■ **DATA RECORDS**:
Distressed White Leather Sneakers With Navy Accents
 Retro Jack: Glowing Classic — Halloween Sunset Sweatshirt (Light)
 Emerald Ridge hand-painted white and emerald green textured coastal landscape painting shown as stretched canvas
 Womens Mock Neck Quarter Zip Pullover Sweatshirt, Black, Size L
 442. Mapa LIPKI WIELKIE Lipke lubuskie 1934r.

■ **WHAT IS EXPECTED**: Repeat the records exactly, leaving out none of them.

■ **ANSWER FOR THE TASK**:
Distressed White Leather Sneakers With Navy Accents
 Retro Jack: Glowing Classic — Halloween Sunset Sweatshirt (Light)
 Emerald Ridge hand-painted white and emerald green textured coastal landscape painting shown as stretched canvas
 Womens Mock Neck Quarter Zip Pullover Sweatshirt, Black, Size L
 442. Mapa LIPKI WIELKIE Lipke lubuskie 1934r.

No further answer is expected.